Hand treatment, levels of hand treatment in the past

For some time now, methods of processing the hands of medical personnel have been widely discussed. These actions were recognized as mandatory, and they were included in a document called SanPiN. This procedure has evolved from the application of a bleach solution to the modern accelerated method of treatment with skin antiseptic solutions, which are accompanied by detailed instructions, which is mandatory for any healthcare worker who comes into contact with patients or equipment for the provision of medical care.

Surgical practice requires special care in this aspect. About 40 years ago, a surgeon before an operation had to go through several levels of hand treatment for 25-30 minutes. It all started with washing under running water with soap and a brush, especially carefully it was necessary to clean the periungual areas of the fingers and interdigital folds. Then there was the stage of washing hands in a sterile basin with sterile water, which was specially distilled for this purpose, after which the third stage followed - the hands were dried with sterile gauze wipes, treated with alcohol, after which the doctor could put on autoclaved sterile gloves.

The same treatment was carried out by nurses who assisted the doctor during the operation. These employees are highly qualified operating nurses and pass the exam for knowledge of septic and antiseptic.

Processing in modern conditions

The levels of treatment of the hands of medical personnel in modern conditions are much less due to the use of much more effective means, which also has great importance in the prevention of occupational dermatitis in healthcare workers. To prevent dermatitis, a number of measures are proposed to restore the skin after the end of the working day - creams, lotions, balms, baths, etc.

Consider the hygienic level of hand treatment. Its algorithm consists in passing two stages.

The first is the obligatory washing with the use of liquid soap and drying with a disposable napkin.

The second is the use of a skin antiseptic. It is important to wait for the product to dry completely on your hands without wiping.

Cases for mandatory processing

When is the treatment of the hands of a doctor considered mandatory?

  • Disinfection is necessary before the examination of each new patient and after his examination.
  • Before carrying out any medical manipulation, including contact with the skin or mucous surfaces of a person, as well as using medical instruments or hardware.
  • After contact with dressings and secretions of the patient.
  • After manipulations with patients with purulent discharge.

Hand treatment levels according to SanPiN

in medical and other medical institutions special training in the rules of processing hands.

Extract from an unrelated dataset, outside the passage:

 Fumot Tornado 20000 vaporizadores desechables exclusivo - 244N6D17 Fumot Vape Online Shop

Medical workers know the levels of hand treatment by heart, the implementation of prescriptions is brought to automatism, especially where work is carried out with open wounds, operations are performed on the internal organs and joints of patients.

Special rules were developed, enshrined in the leadership of the sanitary epidemiological service. They are mandatory, and a health worker who has not passed the control tests cannot be allowed to perform his duties, and in case of repeated violation of them, he may be deprived of his diploma.

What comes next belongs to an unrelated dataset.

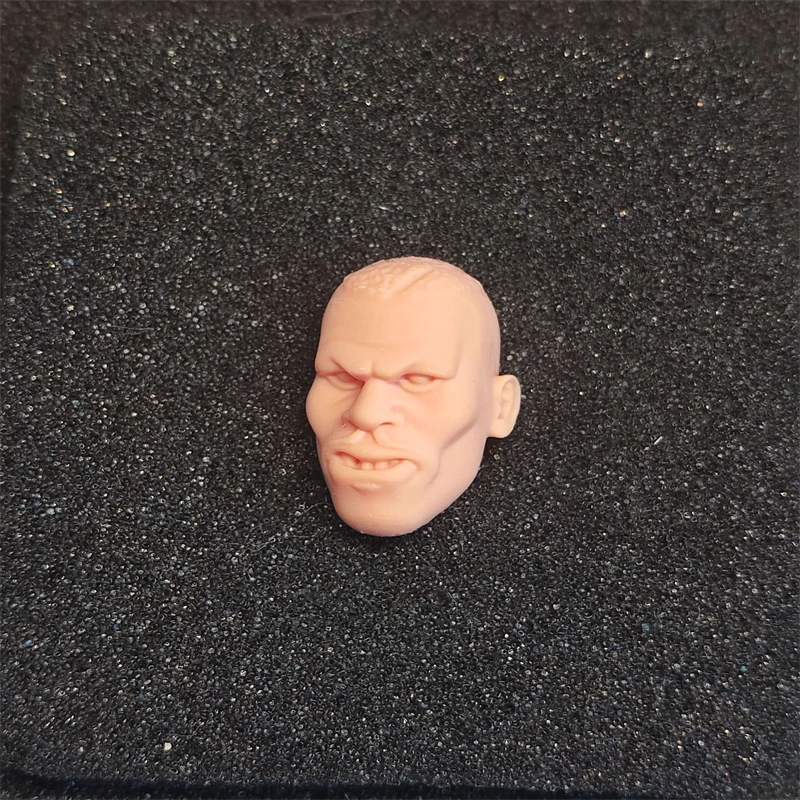 Масштаб 1/12 мультяшная версия голова Майка Тайсона Неокрашенная подходит для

The document "On approval of SanPiN 2.1.3.2630-10 "Sanitary and epidemiological requirements for organizations engaged in medical activities" describes in detail the rules in each individual case. They must be studied and observed by each medical worker, all this is carefully monitored.

But no matter how strict the rules are, following them depends only on the conscious desire of the employees themselves to comply with the conditions of asepsis and antisepsis at work. In many respects, the number of complications in patients, sometimes leading even to death, depends on the strict implementation of these rules. A different behavior is completely contrary to the very purpose of the medical service, designed to help people and protect health.